La situación no se limita a Sunwing. Otras empresas del sector aéreo también han reducido o detenido operaciones hacia la Isla durante los últimos meses.
Air Canada suspendió vuelos por dificultades relacionadas con el combustible, mientras diferentes compañías aéreas, también de Europa, y grupos turísticos han modificado rutas o disminuido frecuencias.
También algunas cadenas hoteleras y empresas internacionales han reducido actividades o ajustado planes debido al deterioro del escenario económico y operativo.
La caída sostenida del turismo tiene los hoteles cubanos casi vacíos, siendo una actividad que durante años recibió importantes inversiones estatales. El gobierno cubano apostó gran parte de sus recursos al desarrollo hotelero y a la expansión de infraestructura turística, al considerar ese sector como una de las principales fuentes de entrada de divisas para el país.
Durante años se construyeron hoteles y complejos vacacionales mientras otras áreas económicas enfrentaban limitaciones de inversión. Las autoridades presentaban el turismo como uno de los motores fundamentales para obtener ingresos externos y sostener parte de la economía nacional.
Sin embargo, las cifras recientes muestran un deterioro acelerado. Entre enero y abril de 2026, Cuba recibió 328.608 visitantes internacionales, una caída del 55,8% respecto al mismo período del año anterior.
El descenso afecta prácticamente a todos los mercados emisores, incluido Canadá, considerado históricamente el principal origen de turistas hacia la Isla.
La reducción de visitantes ocurre además en medio de una crisis económica interna marcada por apagones, escasez de combustible y problemas de abastecimiento.
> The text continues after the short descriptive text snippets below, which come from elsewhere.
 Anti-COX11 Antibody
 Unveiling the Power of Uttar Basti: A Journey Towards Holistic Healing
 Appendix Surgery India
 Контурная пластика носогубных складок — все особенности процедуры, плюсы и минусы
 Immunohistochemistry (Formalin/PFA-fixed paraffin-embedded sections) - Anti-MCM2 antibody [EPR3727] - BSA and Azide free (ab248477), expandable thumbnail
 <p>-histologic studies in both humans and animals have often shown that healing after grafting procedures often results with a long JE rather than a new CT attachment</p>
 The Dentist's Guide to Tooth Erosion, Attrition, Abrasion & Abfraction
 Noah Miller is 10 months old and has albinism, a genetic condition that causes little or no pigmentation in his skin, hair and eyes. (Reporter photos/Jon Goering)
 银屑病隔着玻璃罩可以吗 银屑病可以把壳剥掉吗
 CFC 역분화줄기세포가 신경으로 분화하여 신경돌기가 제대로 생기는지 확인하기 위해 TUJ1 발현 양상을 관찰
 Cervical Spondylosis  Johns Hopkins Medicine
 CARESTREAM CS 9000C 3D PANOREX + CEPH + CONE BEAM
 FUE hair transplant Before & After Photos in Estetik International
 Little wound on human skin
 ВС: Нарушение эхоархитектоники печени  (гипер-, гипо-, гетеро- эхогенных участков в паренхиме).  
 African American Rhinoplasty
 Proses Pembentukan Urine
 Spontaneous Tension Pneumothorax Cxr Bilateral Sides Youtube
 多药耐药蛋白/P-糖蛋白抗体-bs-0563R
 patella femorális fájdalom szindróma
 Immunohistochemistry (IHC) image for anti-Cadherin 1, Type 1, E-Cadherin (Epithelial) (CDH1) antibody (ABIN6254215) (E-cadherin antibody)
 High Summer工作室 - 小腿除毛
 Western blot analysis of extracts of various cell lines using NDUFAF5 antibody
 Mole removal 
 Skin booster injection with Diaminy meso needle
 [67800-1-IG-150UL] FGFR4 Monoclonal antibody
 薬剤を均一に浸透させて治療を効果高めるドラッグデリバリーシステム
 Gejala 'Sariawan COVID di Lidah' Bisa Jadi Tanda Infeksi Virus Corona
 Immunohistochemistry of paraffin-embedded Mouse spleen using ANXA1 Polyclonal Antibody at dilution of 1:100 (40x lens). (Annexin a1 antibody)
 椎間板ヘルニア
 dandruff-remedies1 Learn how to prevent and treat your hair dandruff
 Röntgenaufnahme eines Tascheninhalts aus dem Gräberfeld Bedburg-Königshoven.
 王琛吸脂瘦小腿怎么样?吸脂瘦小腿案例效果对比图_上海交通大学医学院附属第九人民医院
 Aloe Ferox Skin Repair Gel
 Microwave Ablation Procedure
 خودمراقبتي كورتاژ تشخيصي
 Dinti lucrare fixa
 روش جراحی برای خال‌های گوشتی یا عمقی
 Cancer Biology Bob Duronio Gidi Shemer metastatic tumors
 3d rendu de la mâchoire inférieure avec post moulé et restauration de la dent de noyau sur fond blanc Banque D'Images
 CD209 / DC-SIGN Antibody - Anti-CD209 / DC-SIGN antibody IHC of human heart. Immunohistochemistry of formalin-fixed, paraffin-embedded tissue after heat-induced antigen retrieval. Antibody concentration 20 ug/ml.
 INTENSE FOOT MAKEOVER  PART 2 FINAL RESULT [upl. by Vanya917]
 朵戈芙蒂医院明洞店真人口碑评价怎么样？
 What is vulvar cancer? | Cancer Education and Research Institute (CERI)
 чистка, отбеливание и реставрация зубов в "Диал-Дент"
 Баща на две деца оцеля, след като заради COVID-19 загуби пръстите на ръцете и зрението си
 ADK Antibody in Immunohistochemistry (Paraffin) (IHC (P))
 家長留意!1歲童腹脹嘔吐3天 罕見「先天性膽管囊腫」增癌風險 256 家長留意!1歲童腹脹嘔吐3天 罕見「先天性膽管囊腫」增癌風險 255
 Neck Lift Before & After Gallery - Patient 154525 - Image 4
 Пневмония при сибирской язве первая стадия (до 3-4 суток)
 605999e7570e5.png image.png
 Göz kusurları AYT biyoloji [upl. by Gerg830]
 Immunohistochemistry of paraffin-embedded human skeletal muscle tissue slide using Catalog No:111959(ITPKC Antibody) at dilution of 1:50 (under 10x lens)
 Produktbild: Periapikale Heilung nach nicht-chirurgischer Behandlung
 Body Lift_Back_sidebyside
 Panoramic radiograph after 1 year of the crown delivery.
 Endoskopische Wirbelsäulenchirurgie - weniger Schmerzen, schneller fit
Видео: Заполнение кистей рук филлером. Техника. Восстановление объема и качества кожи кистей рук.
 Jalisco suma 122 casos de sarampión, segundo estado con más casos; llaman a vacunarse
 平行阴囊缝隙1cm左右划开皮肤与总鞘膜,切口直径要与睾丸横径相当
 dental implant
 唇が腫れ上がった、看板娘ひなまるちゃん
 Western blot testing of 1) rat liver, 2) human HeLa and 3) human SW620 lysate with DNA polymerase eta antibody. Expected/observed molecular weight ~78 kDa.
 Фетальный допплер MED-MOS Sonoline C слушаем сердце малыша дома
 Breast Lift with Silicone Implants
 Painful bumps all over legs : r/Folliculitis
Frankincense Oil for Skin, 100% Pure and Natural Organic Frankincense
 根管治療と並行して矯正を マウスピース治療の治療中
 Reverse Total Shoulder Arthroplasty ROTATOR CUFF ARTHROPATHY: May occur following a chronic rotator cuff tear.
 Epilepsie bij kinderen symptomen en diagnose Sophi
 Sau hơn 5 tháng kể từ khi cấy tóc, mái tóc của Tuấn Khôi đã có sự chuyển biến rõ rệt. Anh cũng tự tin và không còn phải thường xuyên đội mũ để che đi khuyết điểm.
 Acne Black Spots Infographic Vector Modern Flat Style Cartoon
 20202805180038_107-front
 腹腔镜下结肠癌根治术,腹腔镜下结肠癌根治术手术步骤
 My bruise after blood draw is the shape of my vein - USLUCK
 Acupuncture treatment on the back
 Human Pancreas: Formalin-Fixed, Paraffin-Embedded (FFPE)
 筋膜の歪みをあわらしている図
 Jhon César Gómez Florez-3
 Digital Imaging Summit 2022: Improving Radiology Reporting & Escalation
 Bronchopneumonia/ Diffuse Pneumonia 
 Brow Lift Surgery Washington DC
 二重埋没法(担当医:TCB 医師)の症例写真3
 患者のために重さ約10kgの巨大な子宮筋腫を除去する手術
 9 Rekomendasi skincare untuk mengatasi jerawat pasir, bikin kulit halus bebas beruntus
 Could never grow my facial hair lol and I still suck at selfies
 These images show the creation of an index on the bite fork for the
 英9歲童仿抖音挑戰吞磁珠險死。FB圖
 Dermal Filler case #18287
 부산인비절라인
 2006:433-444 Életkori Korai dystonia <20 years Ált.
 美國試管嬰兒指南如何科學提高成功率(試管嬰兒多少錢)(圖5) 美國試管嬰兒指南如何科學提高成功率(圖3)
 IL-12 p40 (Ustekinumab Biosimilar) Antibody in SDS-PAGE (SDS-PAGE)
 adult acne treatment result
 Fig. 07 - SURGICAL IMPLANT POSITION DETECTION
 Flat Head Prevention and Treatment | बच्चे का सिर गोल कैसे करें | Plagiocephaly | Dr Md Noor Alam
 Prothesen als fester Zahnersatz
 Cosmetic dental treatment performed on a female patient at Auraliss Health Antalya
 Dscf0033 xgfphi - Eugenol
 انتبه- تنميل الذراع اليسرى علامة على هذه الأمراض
En distintos puntos del país, hoteles han operado con bajos niveles de ocupación y algunas instalaciones han reducido servicios o cerrado temporalmente por falta de clientes.
El turismo fue durante años una de las principales apuestas económicas de Cuba y una de sus mayores fuentes de ingresos. La disminución de vuelos, la salida de empresas y la caída de visitantes añaden ahora nuevas dificultades a un sector que enfrenta uno de los momentos más complejos de las últimas décadas.